Span requested from the data below: the line with "Electric Trailer Jack" through the line with "Matchup: Concord vs.", both included. Give only these lines again, exactly, and leave every picture out.
══ Listed entries ══
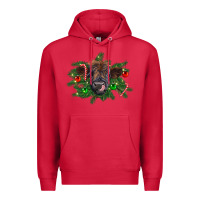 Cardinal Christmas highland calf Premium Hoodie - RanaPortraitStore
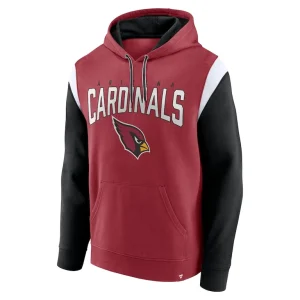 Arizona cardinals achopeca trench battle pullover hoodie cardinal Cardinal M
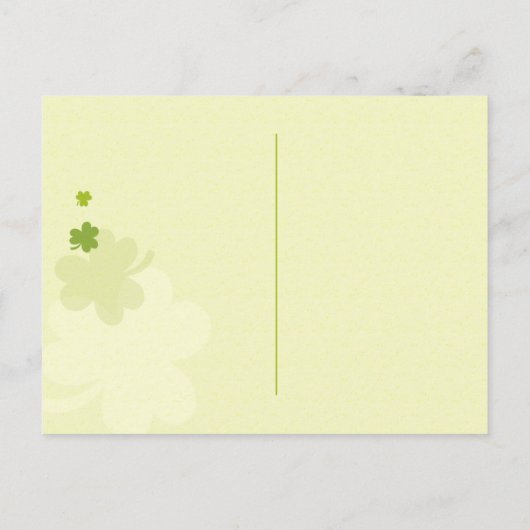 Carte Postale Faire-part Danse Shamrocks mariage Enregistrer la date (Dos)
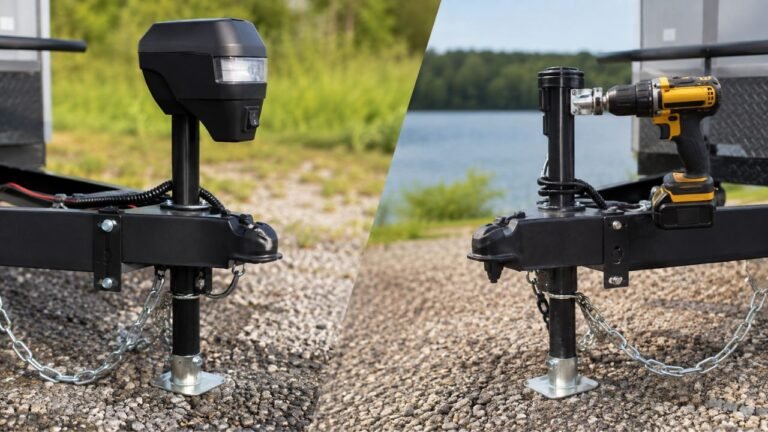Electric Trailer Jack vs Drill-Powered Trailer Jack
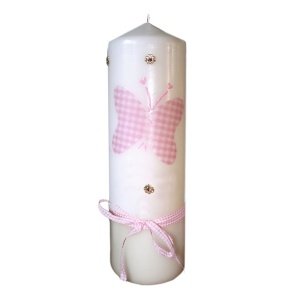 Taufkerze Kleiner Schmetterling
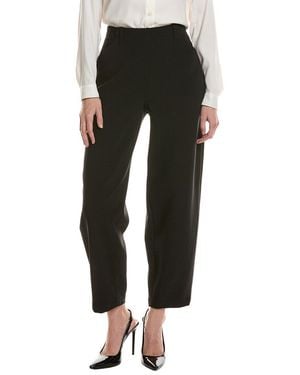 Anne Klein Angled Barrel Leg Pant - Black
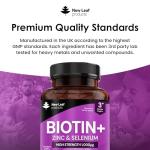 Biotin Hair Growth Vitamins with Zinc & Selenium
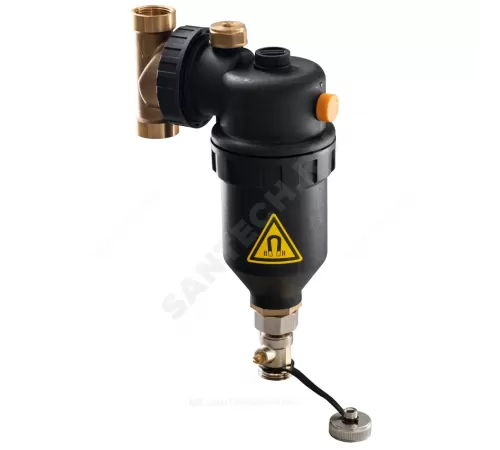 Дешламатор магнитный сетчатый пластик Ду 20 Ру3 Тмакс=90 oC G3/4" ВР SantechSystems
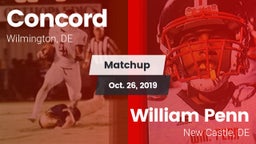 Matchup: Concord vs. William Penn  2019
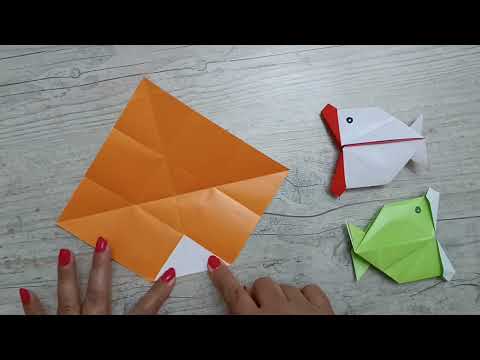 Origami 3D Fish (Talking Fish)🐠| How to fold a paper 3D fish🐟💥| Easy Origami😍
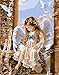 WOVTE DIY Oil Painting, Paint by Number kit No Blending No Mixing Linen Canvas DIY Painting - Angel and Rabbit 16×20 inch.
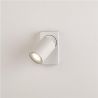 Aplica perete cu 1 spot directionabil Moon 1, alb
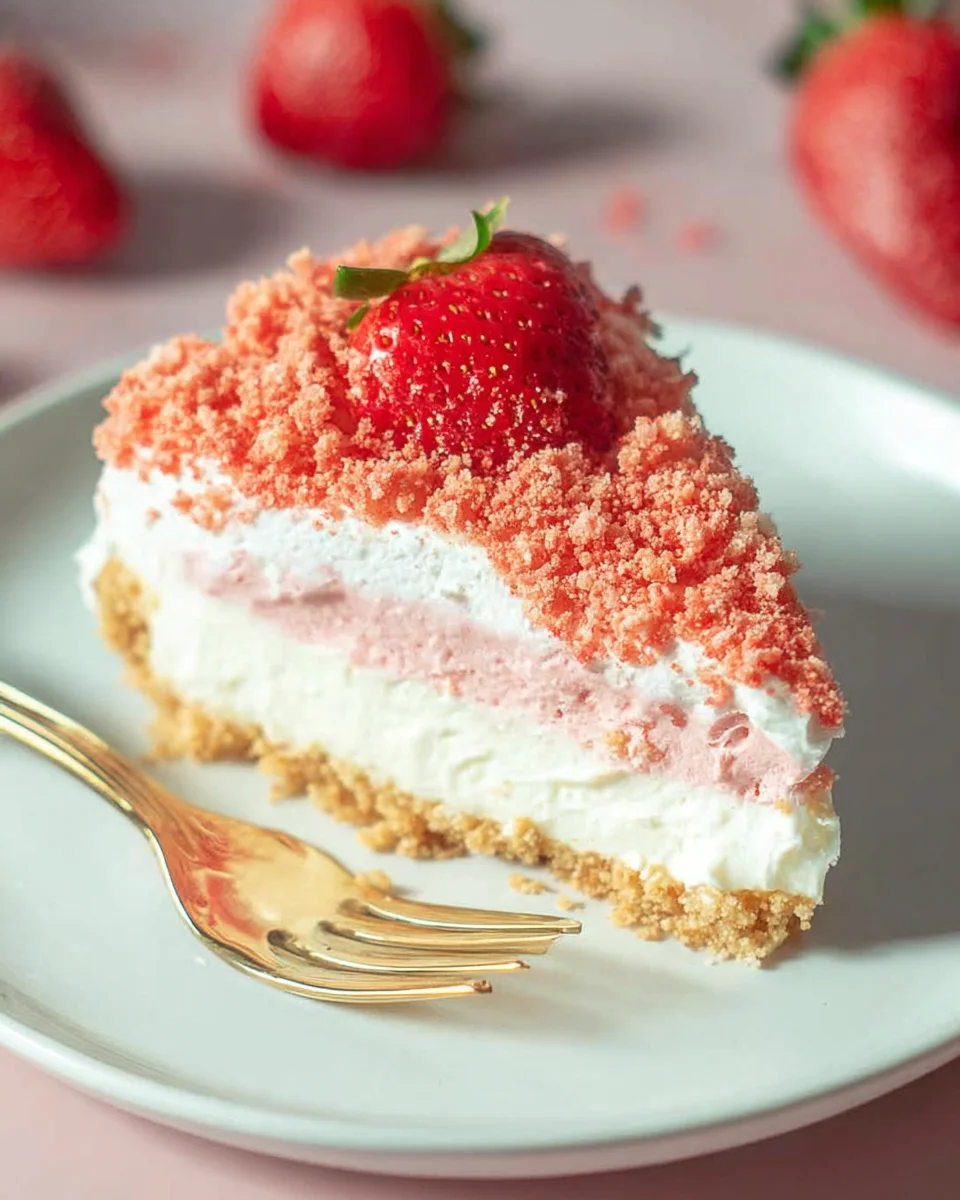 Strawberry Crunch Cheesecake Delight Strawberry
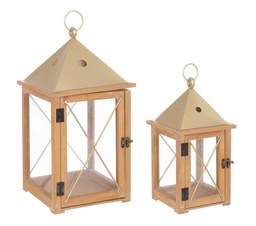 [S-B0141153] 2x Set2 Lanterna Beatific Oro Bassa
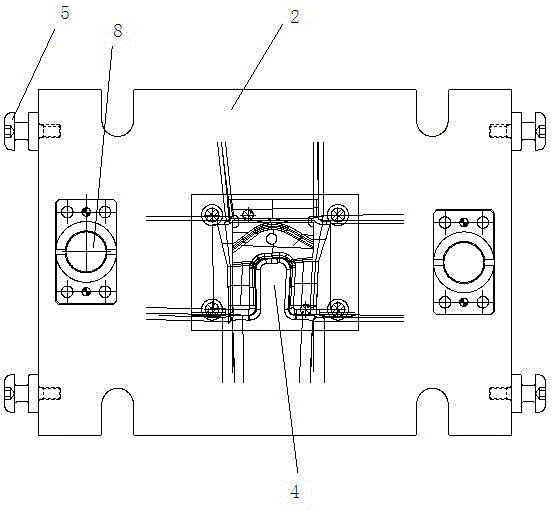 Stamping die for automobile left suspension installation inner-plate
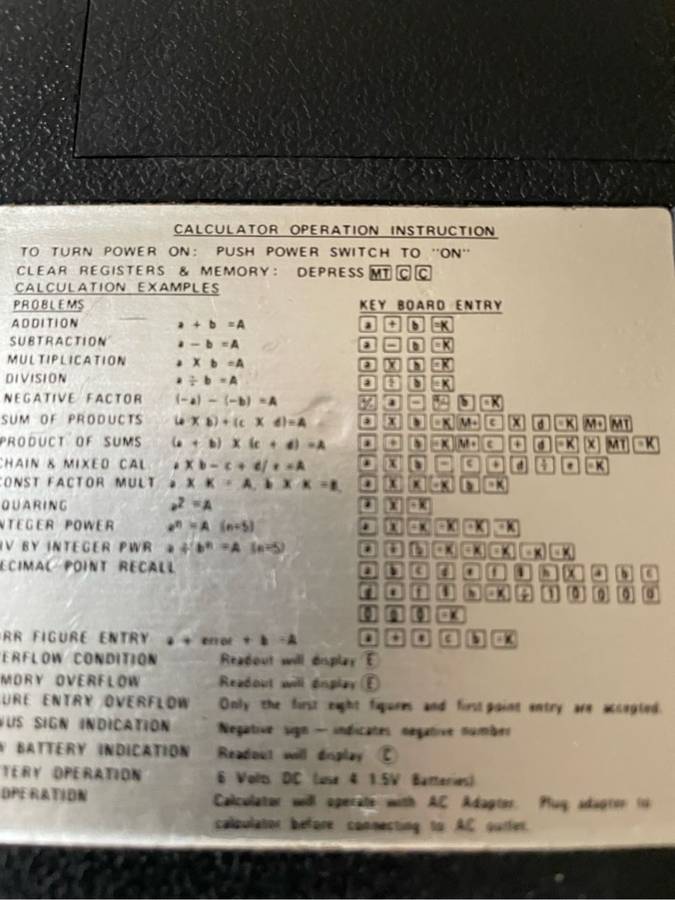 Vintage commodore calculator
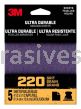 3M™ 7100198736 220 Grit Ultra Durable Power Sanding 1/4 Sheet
═══
## [Completed task]
Electric Trailer Jack vs Drill-Powered Trailer Jack
 Taufkerze Kleiner Schmetterling
 Anne Klein Angled Barrel Leg Pant - Black
 Biotin Hair Growth Vitamins with Zinc & Selenium
 Дешламатор магнитный сетчатый пластик Ду 20 Ру3 Тмакс=90 oC G3/4" ВР SantechSystems
 Matchup: Concord vs. William Penn  2019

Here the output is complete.